Daddy's Dirt

Nita

Well-Known Member
MEMBER
Feb 9, 2001
3,096
15
Arkansas
Occupation
youth volunteer
Hello family,

I recently divorced from my husband. We were together 10 years, separated 3 of those. I had to leave him because he was starting to deal in some illegal activities. On top of that, he was drinking heavily and wouldn't return home sometimes for days. His friends are drug dealers, drunks, weedheads and thieves. None of them work or attempt to do better for themselves. My husband and his friends are always together, he even let's them stay with him.

Here's my problem

Me and my ex-husband are @ odds. He hardly ever comes to see his children. I say he visits about 6 or 7 times a year and he only lives 25 miles away from us. I have always allowed him to come and visit anytime he wants to.(with one exception, he was drunk and I wouldn't let him in) He just doesn't make time to visit them and I been fighting for him to support his children which he still wont do. Recently he has been wanting to keep my youngest, she's 2. I wont allow it because I feel she's too young. So much could happen to her and although she can talk, will she be able to make me understand if someone is doing bad things in front of her and tell me? Or worse if someone's touching her improperly?
I don't have problems with my oldest child wanting to visit him because he has broken so many promises to her that she does not desire to see him. My now 5 year old wants to see him, but I am still uneasy with it because of his lifestyle. I don't understand why he wont make the effort to change some things in his life to make it easy for me to feel comfortable with him keeping the children. I wouldn't dare let my friends or anyone keep me from seeing my children. Since I wont let him keep them, he wont even visit them. It hurts me, but the kids are the ones that are getting the short end of the stick.
God is going to judge me on how I raise my children. I am responsible for teaching and training them. If I mess up, I have to give an account. I am a very good mother. I don't drink, do drugs, smoke, curse them, have men laying up in my house, or nothing that would be unacceptable as a parent. Am I wrong for not letting them go stay with him? Nita
 

SwtT

Well-Known Member
MEMBER
Apr 8, 2003
2,752
29
Chicago, IL
Occupation
Educational/Human Resources field
Nita, ABSOULTELY NOT! you are NOT in the wrong here. Even though children NEED to see their father, it is the father who will not get his lfe together. It's as if he prefers smoking weed and doing any other illegal activites as too seeing his three kids. It also seems as if he needs some more growing up to do becuase any GOOD parent would change any harm in their lifestyle of they thought it would harm their children. Any thing could happen to your kids while they're around your ex-husband and whatever he's trying to do wrong at that moment. I applaud you for being such a good mother. You wrote in prevous forums that you becmae a mother at 17....not many seventeen-year old mothers raised their kids as you did, with love and concern:)
 

Nita

Well-Known Member
MEMBER
Feb 9, 2001
3,096
15
Arkansas
Occupation
youth volunteer
Thank you SwtT

I give up so much of my life, wants and needs for my children . I want my children to be productive persons in this world. I will do all I can to see that they do. My parents took the time to raise me right. I will do the same for my children.
:thanks: so so much
:heart:
Nita
 

MrBlak

Well-Known Member
MEMBER
May 18, 2004
518
9
You re absolutely not wrong in this. No matter how excellent a mother you are, it will all go out the window, particularly with boys, if you allow them round someone thsy look up to who is doing illegal things. I have seen it recently where 16-17 years of good parenting and a good bright kid, went all wrong. The father lost a job, the family moved to a new city around relatives that were into crime and with the economic downturn, one son decided he needed money. Long story short, he ended up slingin coke and moving in bad circles and even got shot!! I dont know how he is doing now or if he has turned around though.

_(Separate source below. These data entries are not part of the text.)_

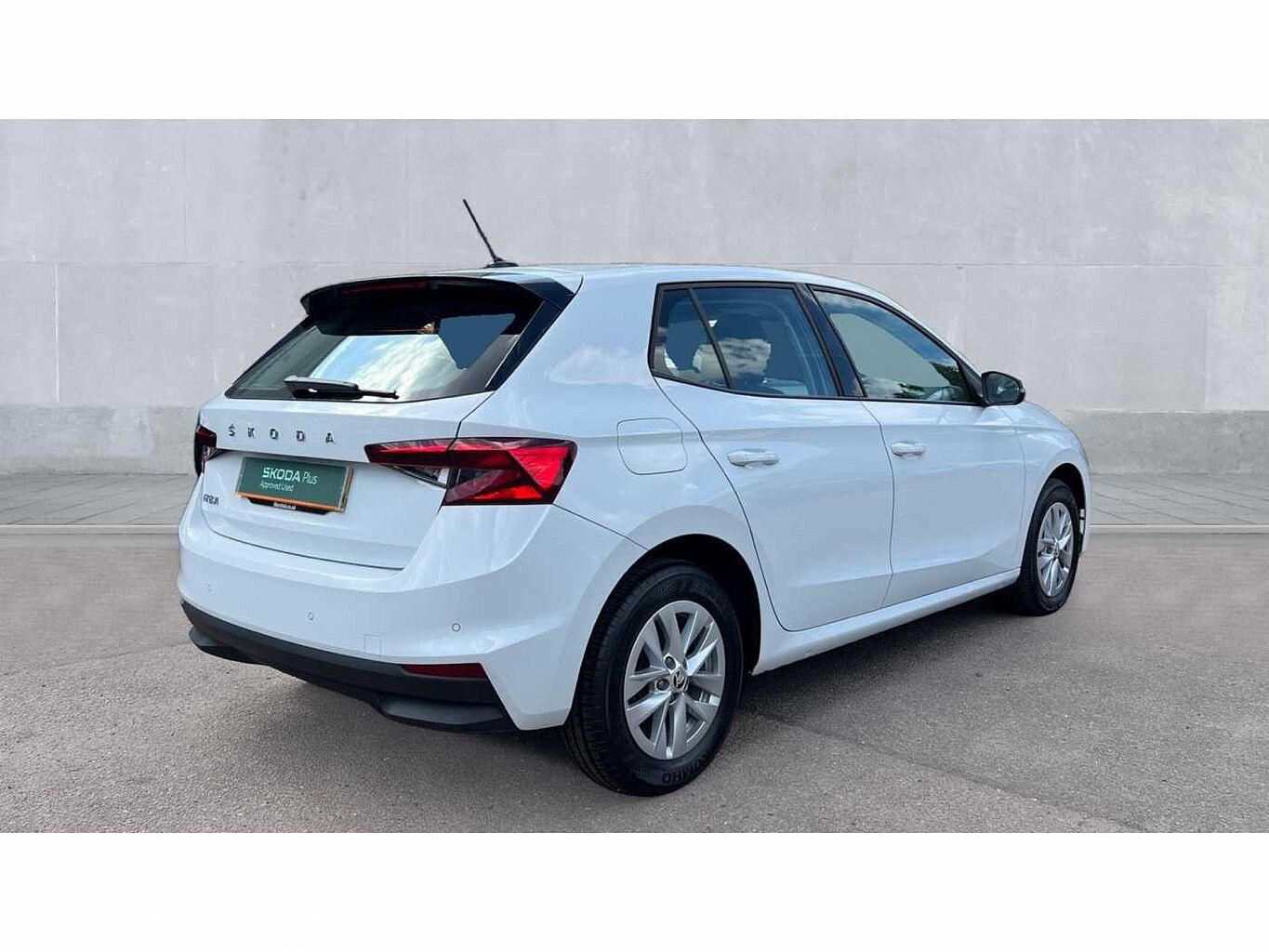 SKODA FABIA 1.0 MPI 80 SE Comfort 5dr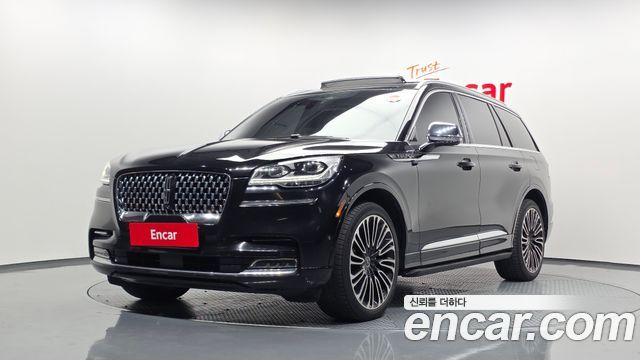 Lincoln Aviator
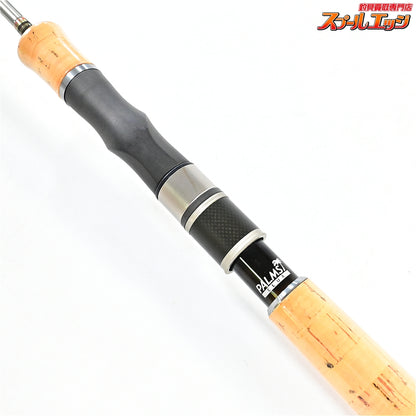 【パームス】 エルア トランサ TRGS-63UL PALMS ELUA Transa ブラックバス K_233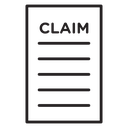 Insurance Claim icon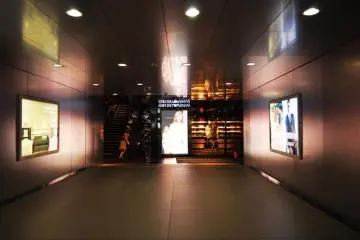 Easy access to the best shops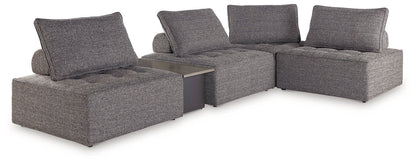 Bree Zee Outdoor Sectional - Pull Up A Couch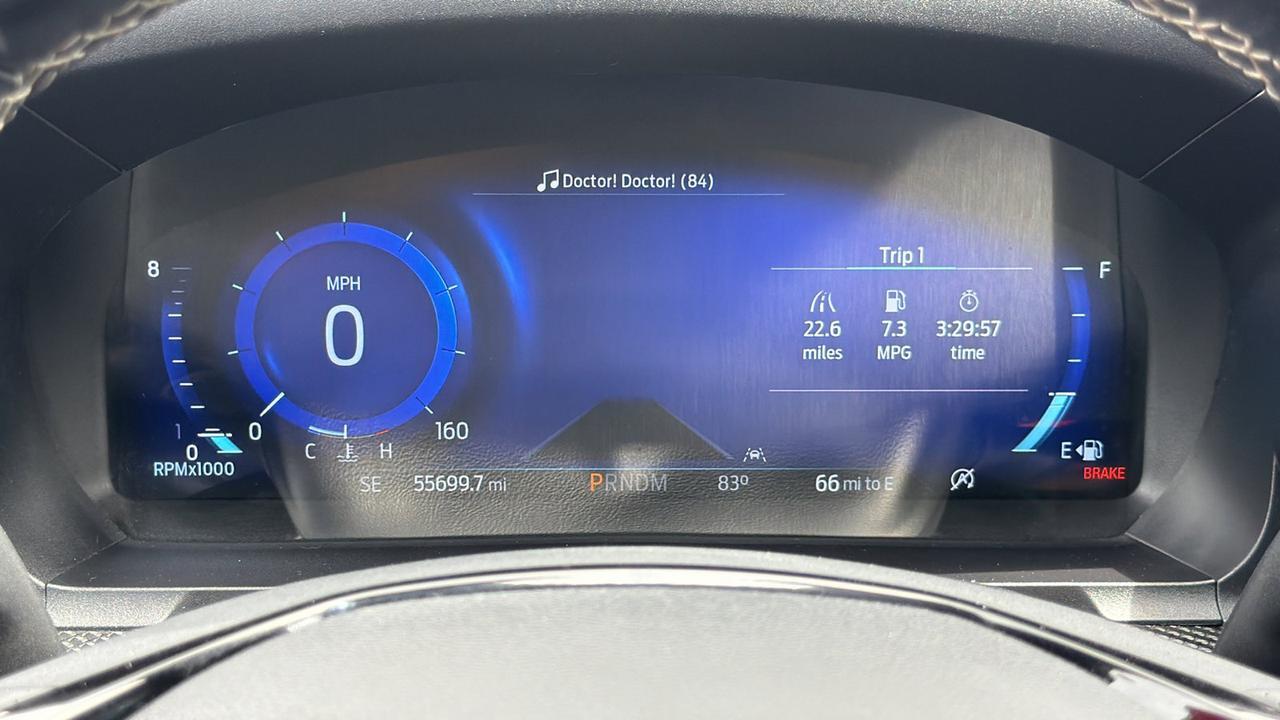 2023 Ford Explorer ST New Braunfels TX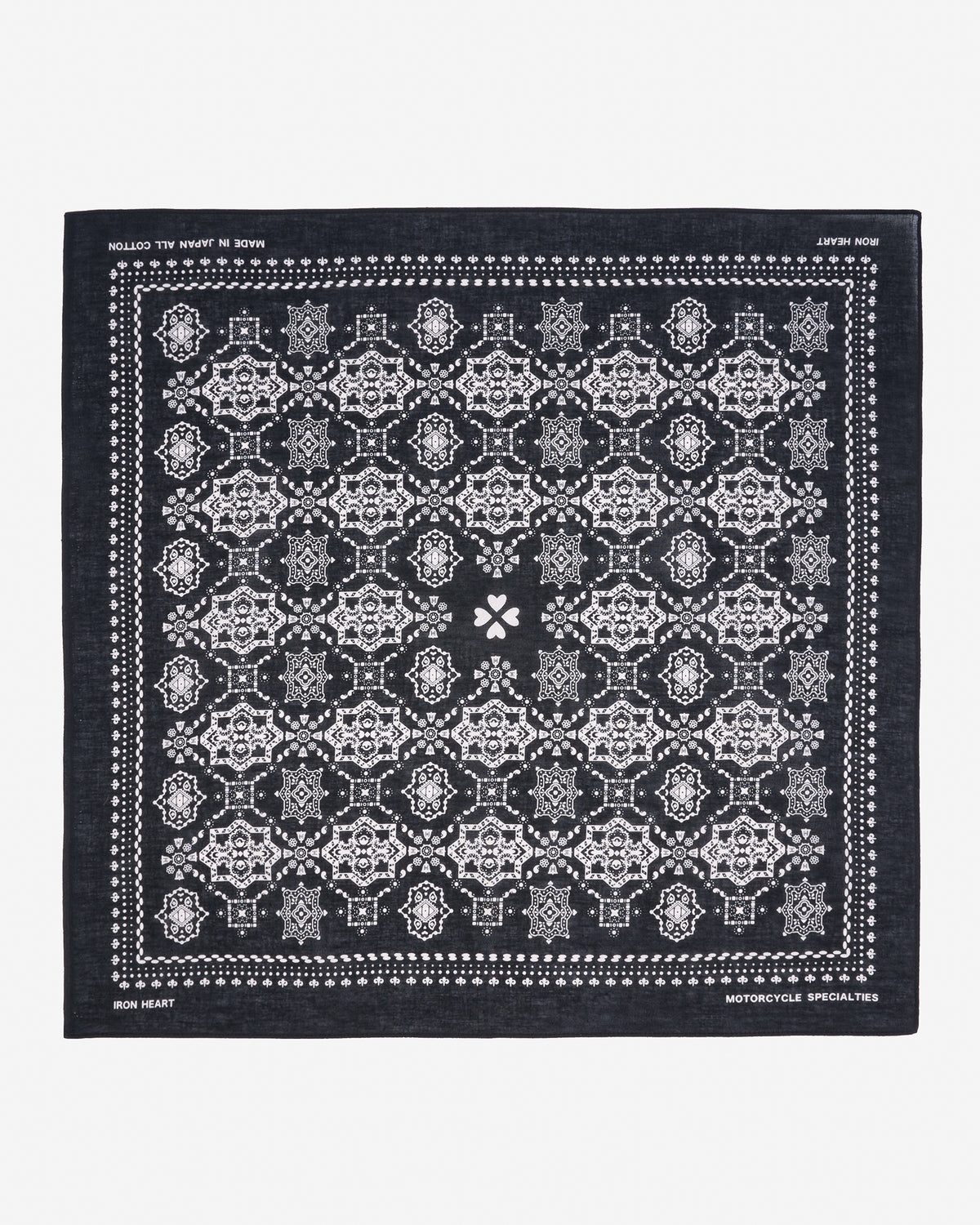 “Bell” Print Bandana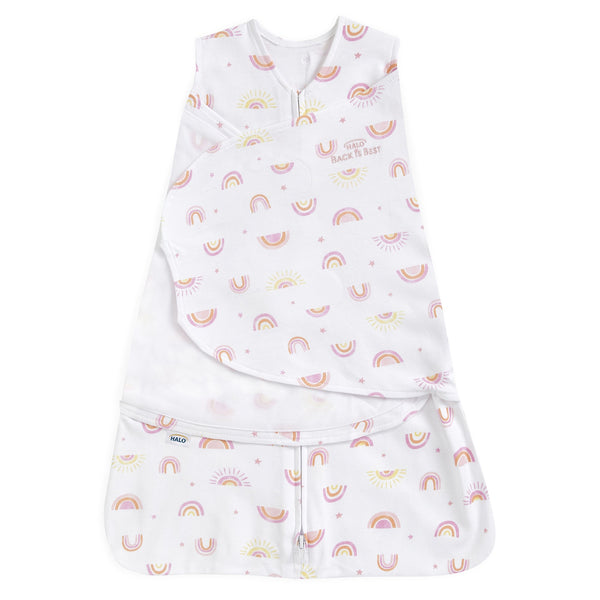Halo® SleepSack® Swaddle Cotton NonSterile (1240548_CS) 4/CS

Your children will follow the examples set for them. If your man is into dealing, drugs, stealing and other stuff, those kids will pick up on it even if he tells them not to. Kids follow ACTIONS not talk, not church sermons, not readings......

It is best your man sees his kids at your house on your turf because then they will only see him when he is acting responsible. You seem to be doing a great job of not letting him act fool on your property so that is the only place the kids should see him....period.

You dont really need my advice so I just encourage you to do as you are doing. The right thing!!
 

panafrica

Well-Known Member
MEMBER
Aug 24, 2002
10,227
192
The Diaspora
Nita:

As far as the infrequency of his visits...it sounds like your ex-husband is making your kids pay for the division between you. This is unfortunate, but many men do this. If you have reason to fear for your children's safety, then you are within your right to not let them stay with the father. In addition, I think it is a odd request to want to see 1 child in particular, and not all at once. Such favortism can only cause major problems.

Just one question though. Does your ex share custody of the kids, or do you have sole custody? This will be a major factor in what actions you can take. Lastly if he will not provide for the children voluntarily.....eventually you'll probably have to get court ordered child support from him.